La politique de proximité a été aussi activée par la reconfiguration du système de fil d'actualité pour qu'il "affiche davantage de contenus partagés ou commentés par les proches et les amis, au détriment de ceux publiés par des marques ou des médias". Deux ans après, le PDG de Facebook continue sur cette lancée de la "proximité", mais visiblement d'avantage pour permettre des micro-échanges sécurisés et confidentiels que pour "rassembler le monde".

Afin de mieux entrevoir ce que sera le futur réseau social, Mark Zuckerberg a publié une somme de principes constituant le "nouveau Facebook" qui devraient être appliqués en "quelques années". Ces principes sont les suivants : intéractions privées, chiffrement, réduction de la permanence des messages, sécurité, interopérabilité, stockage sécurisé des données. Ces principes — basés principalement sur des changements techniques ont pour but d'organiser différemment le réseau social afin aussi de protéger ses membres, selon Mark Zuckerberg. La non permanence des messages ou le chiffrement sont expliqués avec leurs bons et leurs mauvais côté par le PDG de Facebook qui estime que ces nouvelles briques techniques sont indispensables, tout en critiquant leurs "mauvais côtés"  : 


Nous pensons de plus en plus qu’il est important de conserver les informations pendant de courtes périodes. Les gens veulent savoir que ce qu'ils partagent ne leur nuiera pas plus tard :  réduire le temps pendant lequel leurs informations sont stockées et accessibles va y participer (…) Le chiffrement de bout en bout est un outil important dans le développement d'un réseau social axé sur la confidentialité (…) Le chiffrement est un puissant outil de protection de la vie privée, mais cela inclut la vie privée des personnes mal intentionnées. Lorsque des milliards de personnes utilisent un service pour se connecter, certaines d'entre elles vont en abuser pour des choses vraiment terribles, telles que l'exploitation des enfants, le terrorisme et l'extorsion.

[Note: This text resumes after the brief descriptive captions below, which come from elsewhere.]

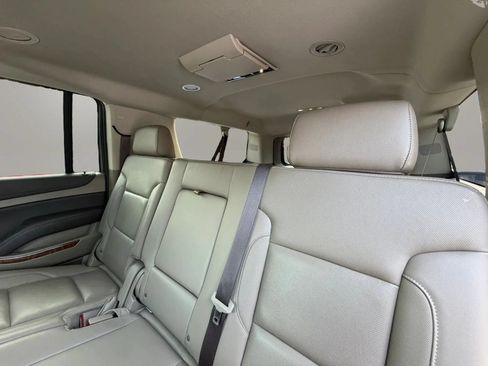 Used 2019 Chevrolet Suburban Premier AWD/4WD image 26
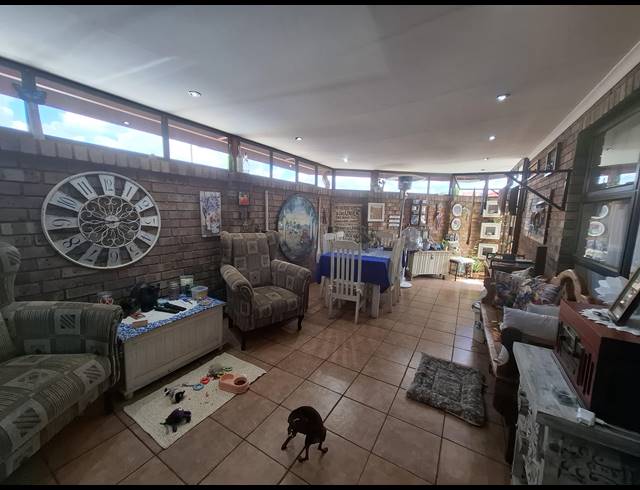 4 BEDROOM TOWNHOUSE FOR SALE IN DAL FOUCHE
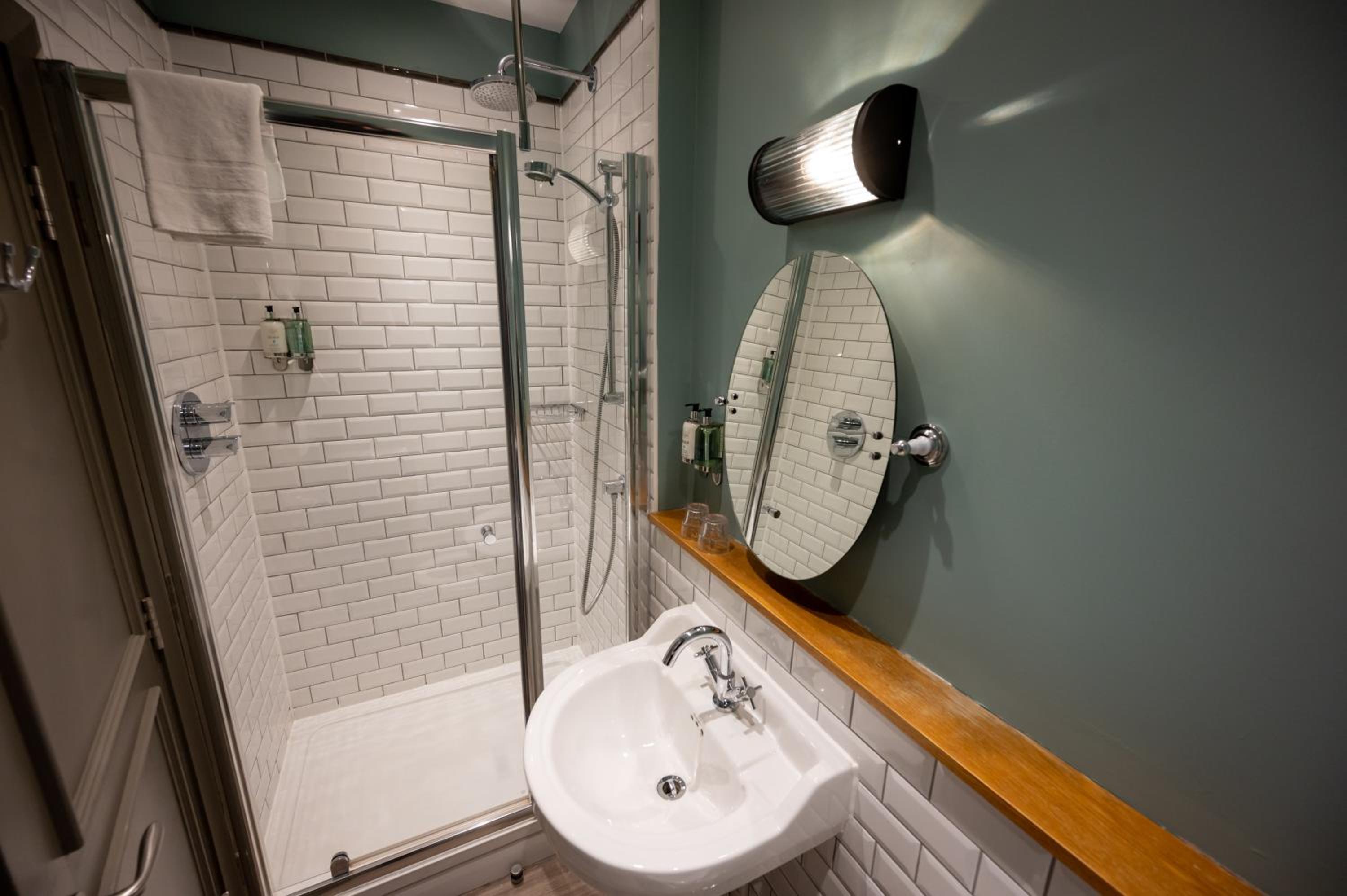 Double Room - Photo 21
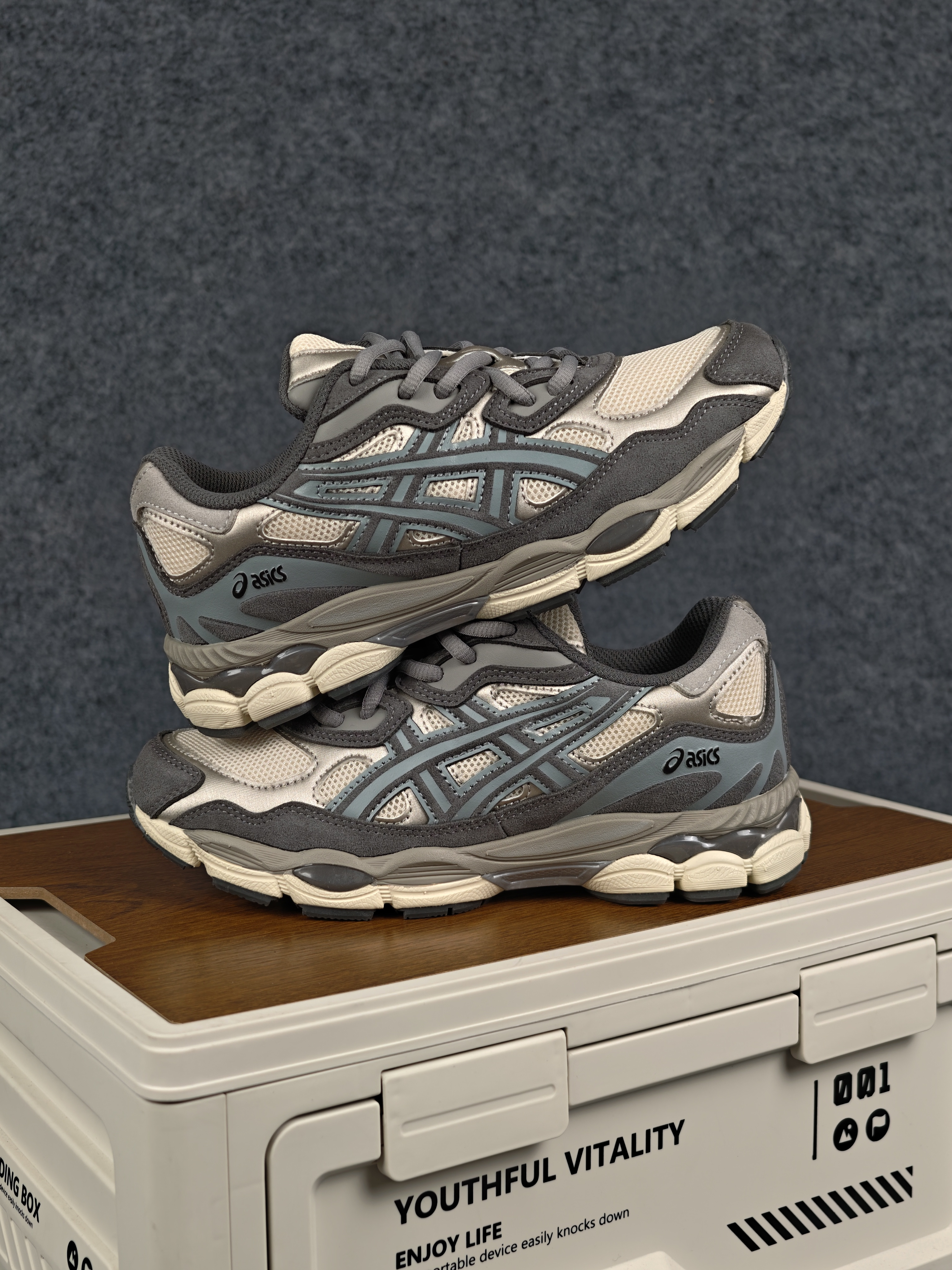 240 Asics Gel-N亚瑟士运动休闲透气专业跑鞋 1201A789-250-Chinese UA Cheap High Quatity Brand Clothes Bags handbags Sneakers wholesale wholesaler seller from China Factory suppliers Fashion Clothing Shoes best Quality Beautiful Price 240 Asics Gel-N亚瑟士运动休闲透气专业跑鞋 1201A789-250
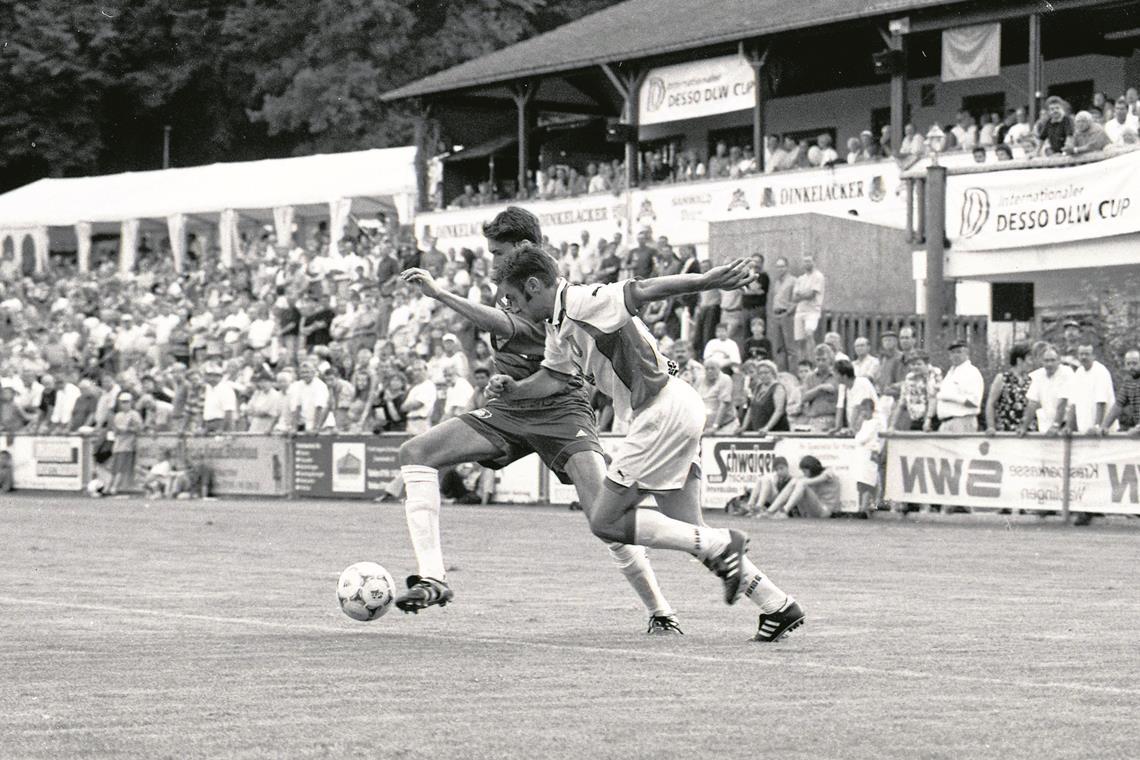 Im Sommer 1999 verlor die SG mit 1:8 gegen Leverkusen. Klaus Petz (rechts im Zweikampf mit Thomas Brdaric) erzielte den Aspacher Ehrentreffer. Archivfoto: Bernd Strohmaier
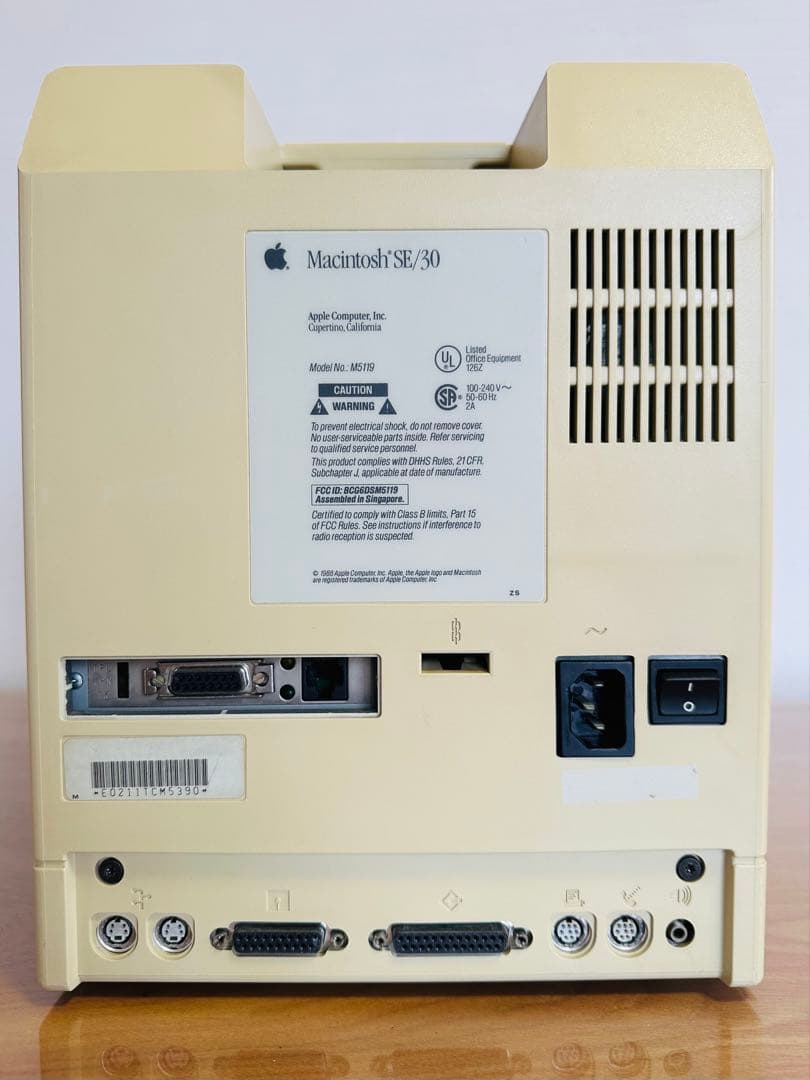 オールドマック　Apple Macintosh SE/30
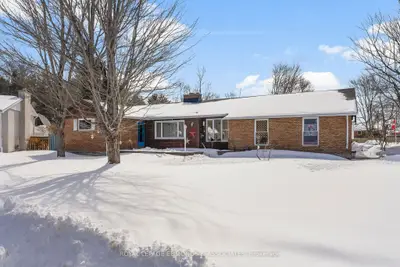 58 Hilda Street, Petawawa, On K8h 2z5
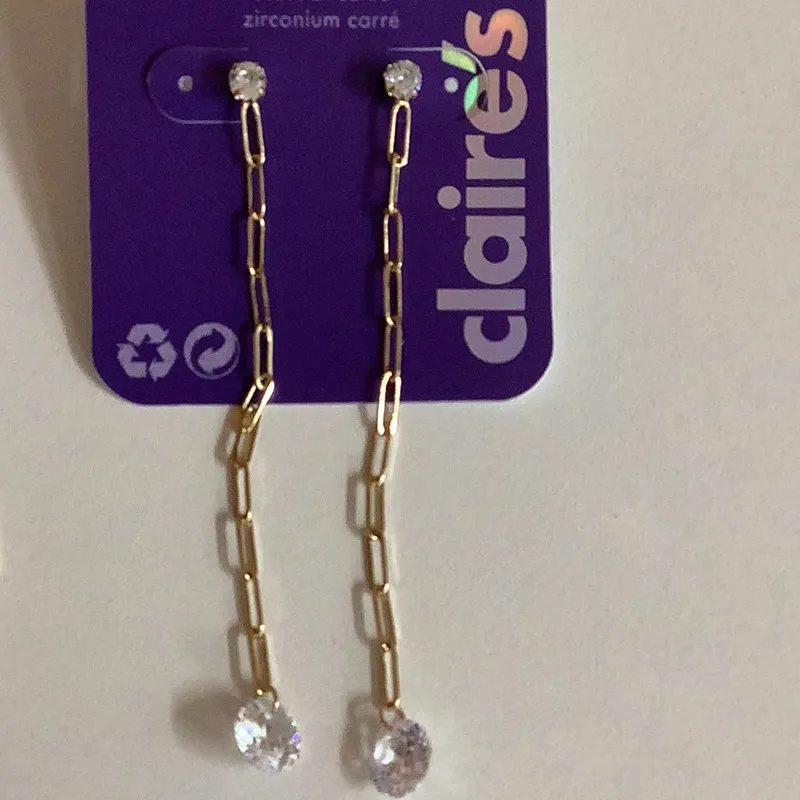Claire's Gold Cubic Zirconia Chain Bracelet and Earring Set. New in Package. - Image 2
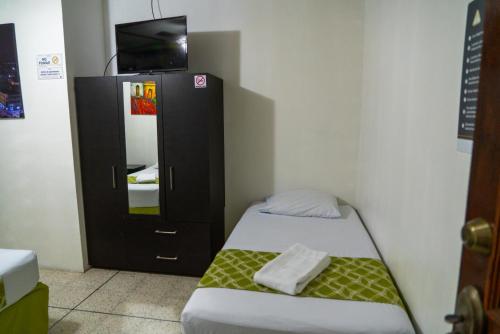 Triple Room image 4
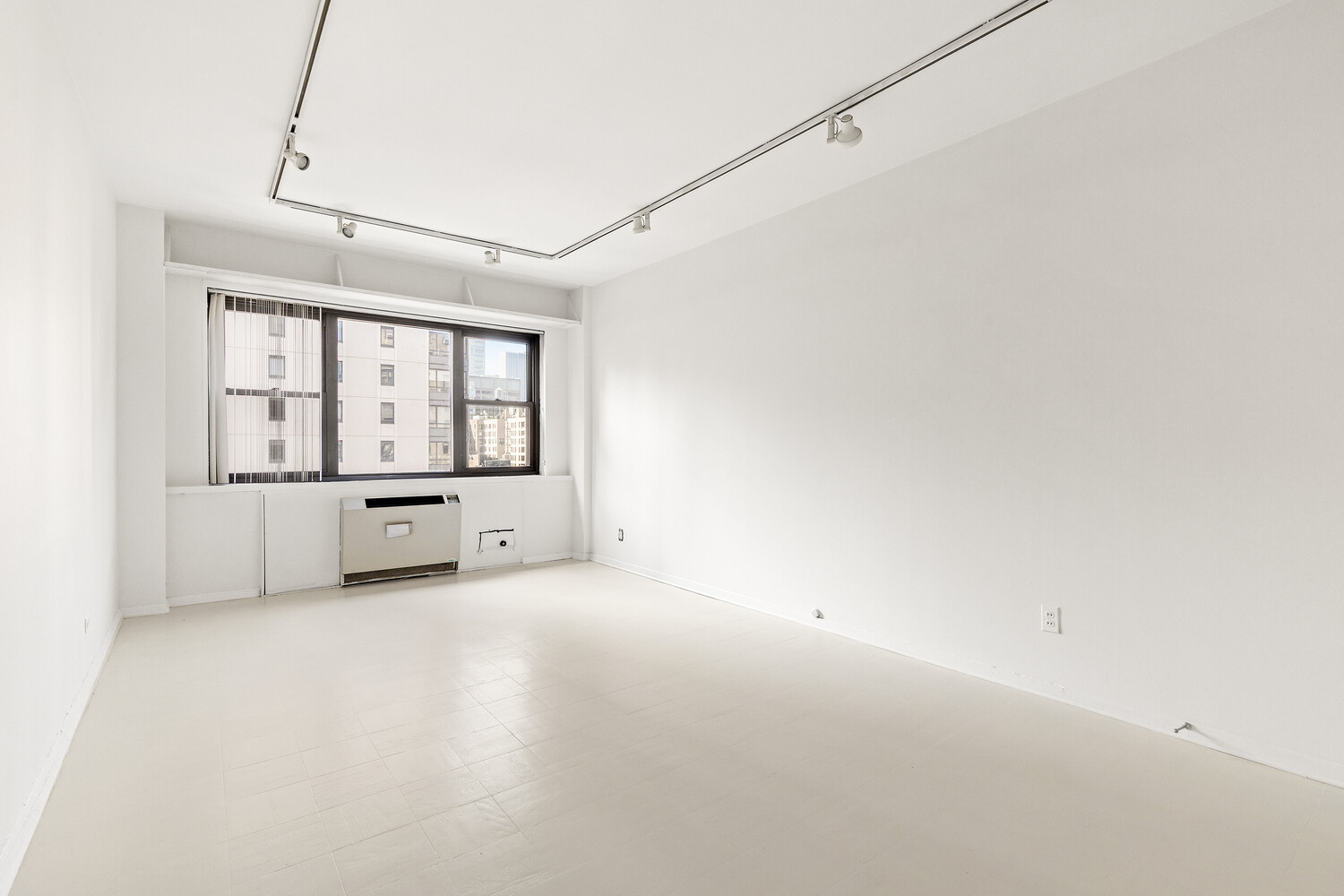 165 E 72ND Street 11C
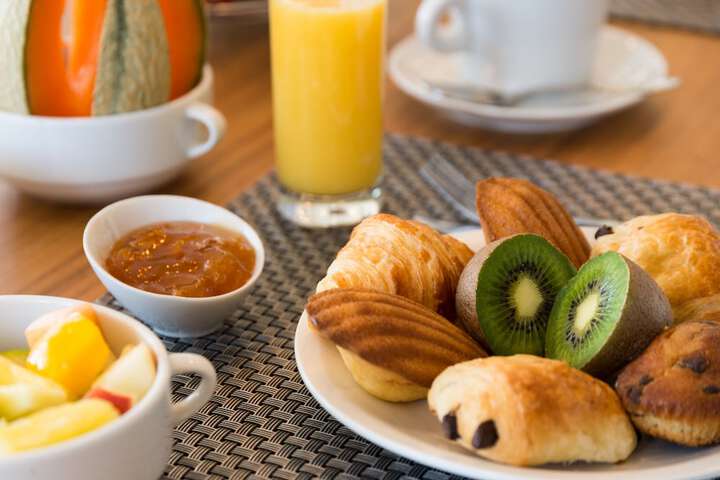 Breakfast/Coffee Service 25 of 32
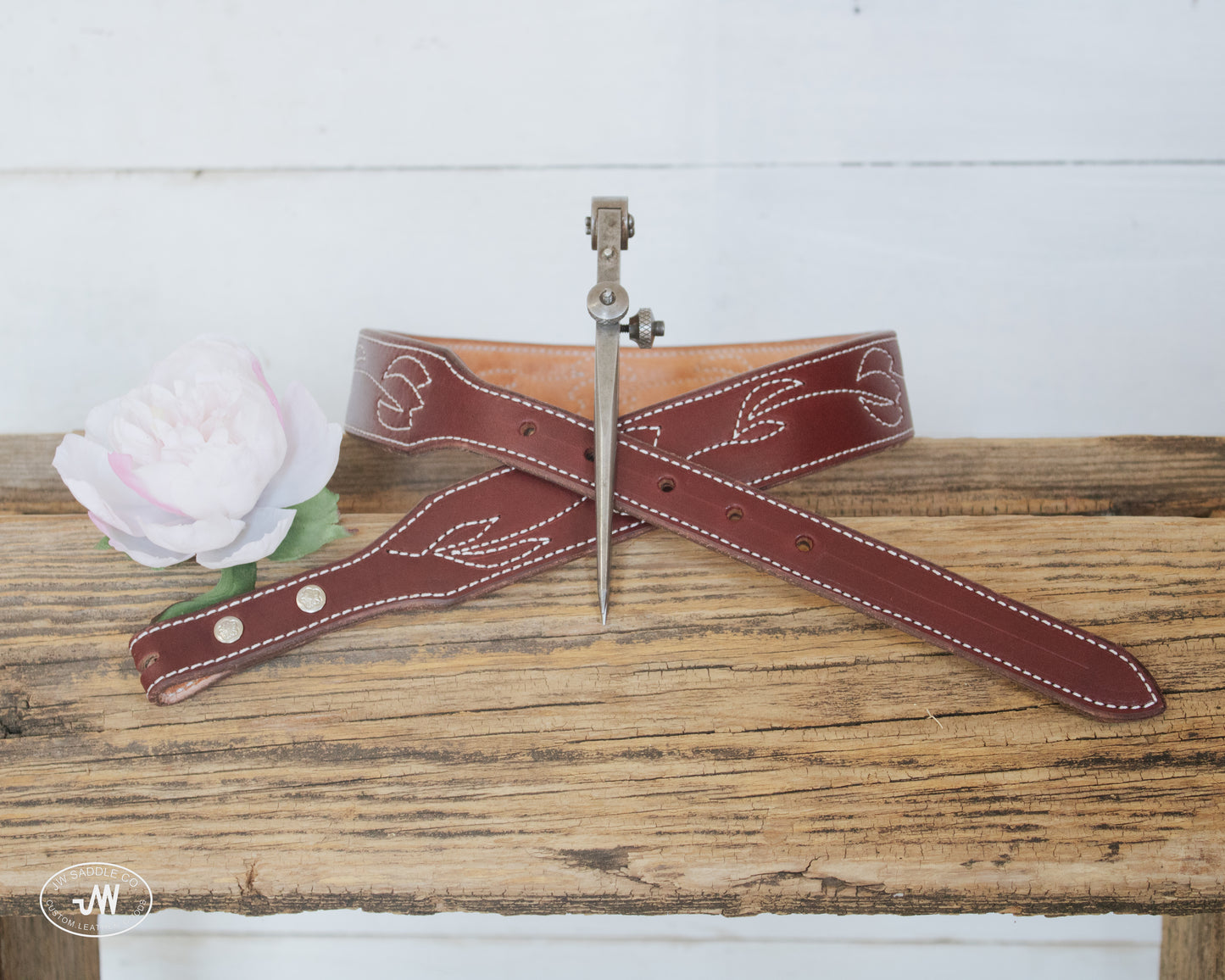 Tulip Stitched Tapered Latigo Belt 33"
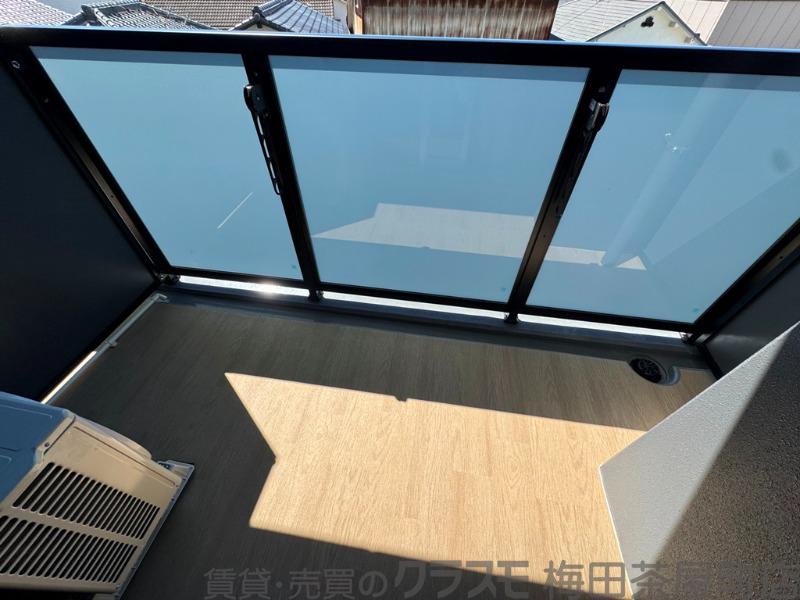 21/30 バルコニー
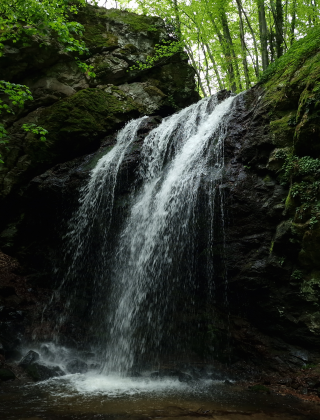 Таен Устински водопад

Que veut vraiment Zuckerberg ?

La période actuelle est une charnière pour Facebook et son créateur le sait. La plus grande partie du texte publié par ce dernier montre que Zuckerberg a perçu l'inquiétude de nombreux utilisateurs à l'endroit du réseau social.  Mark Zuckerberg sait que cette défiance envers Facebook s'accentue à cause des différentes affaires ayant touché à la vie privée de ses utilisateurs. Tous ces constats ne sont pas faits explicitement dans cette tribune, mais soulignent une époque désormais révolue que le PDG semble avoir bien saisie : celle de l'exposition publique où la vie privée n'existait pas, où la fameuse transparence frisait souvent l'exhibitionnisme. Avec son lot de harcèlements et de vengeances en ligne que de nombreux internautes ne veulent plus subir.

Les 15-25 ans plébiscitent Snapchat pour ses messages éphémères, les messageries Telegram ou Signal pour leur chiffrement et leurs systèmes de groupes, mais aussi Instagram et  WhatsApp (rachetées par Mark Zuckerberg) : c'est une tendance qui se dessine, que le PDG de Facebook a bien saisie. Sans compter que les démélés en justice, l'aspiration de données personnelles, le laboratoire d'influence politique et la  machine géante à relayer des infox, tous ces scandales que charrie Facebook désormais, plaident plus en faveur d'un changement d'image et de fonctionnement.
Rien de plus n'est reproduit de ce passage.